Chilean politician (1902–1969)

Eduardo Rodríguez Mazer (10 September 1902 – 18 July 1969) was a Chilean lawyer and Socialist Party politician.

== Biography ==
=== Family and education ===
He was born in Chillán to Miguel Antonio Rodríguez Fernández and Ana Luisa Mazer. He studied at the Colegio San Pedro Nolasco and the Liceo de Hombres de Chillán, later enrolling at the University of Chile School of Law, where he earned his law degree in 1952 with the thesis Las huelgas y los conflictos colectivos del trabajo.

He married Inés Goyenechea Zegarra in Antofagasta in 1940.

=== Professional career ===
Rodríguez served as inspector of the Internado Nacional Barros Arana (1921–1924), an official of the Ministry of Education (1929–1937), and local head of the Antofagasta gold washing operations (1940–1941).

He held various positions in the judiciary, beginning as secretary of the Conchalí Court (1945–1949).
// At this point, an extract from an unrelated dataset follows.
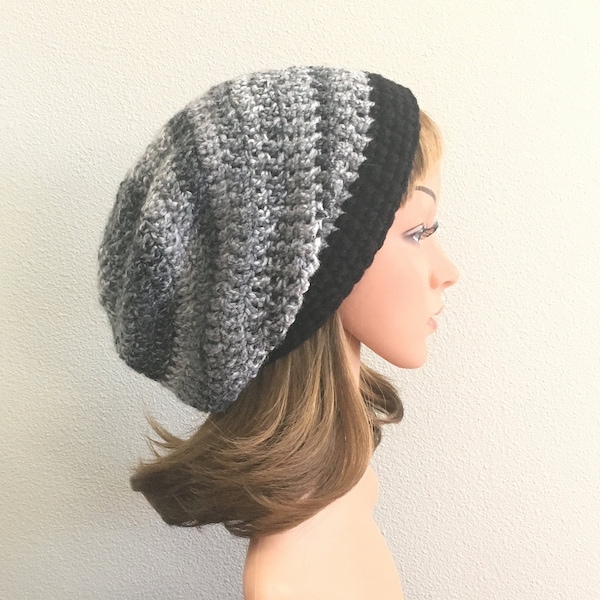 Striped slouch hat, PICK colors, READY to SHIP, women's slouchy hat, crochet slouchy hat, knit slouch hat, crochet slouchy beanie, free ship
After receiving his law degree, he became secretary and then notary of Putaendo (1954), and later Notary and Registrar of Real Estate in Los Andes (1957–1961).

== Political career ==
He was a member of the Marxist Socialist Party, which merged in 1933 to form the current Socialist Party of Chile. Rodríguez served as secretary of the party’s first Central Committee, and was part of the regional leadership in Santiago and Antofagasta. He also founded the newspaper El Socialista, published in Antofagasta.

In the 1941 Chilean parliamentary election he was elected Deputy for the 22nd Departmental Group (Valdivia, La Unión, Río Bueno) for the 1941–1945 term, joining the Committee on Constitution, Legislation and Justice.

He was elected again in the 1949 Chilean parliamentary election, this time representing the 16th Departmental Group (Chillán, Bulnes, Yungay) for the 1949–1953 term, serving on the Committee on Foreign Relations.

== Bibliography ==
- Castillo Infante, Fernando. Diccionario Histórico y Biográfico de Chile. Zig-Zag, 6th ed., Santiago, 1996.
- Urzúa Valenzuela, Germán. Historia Política de Chile y su Evolución Electoral desde 1810 a 1992. Editorial Jurídica de Chile, 3rd ed., Santiago, 1992.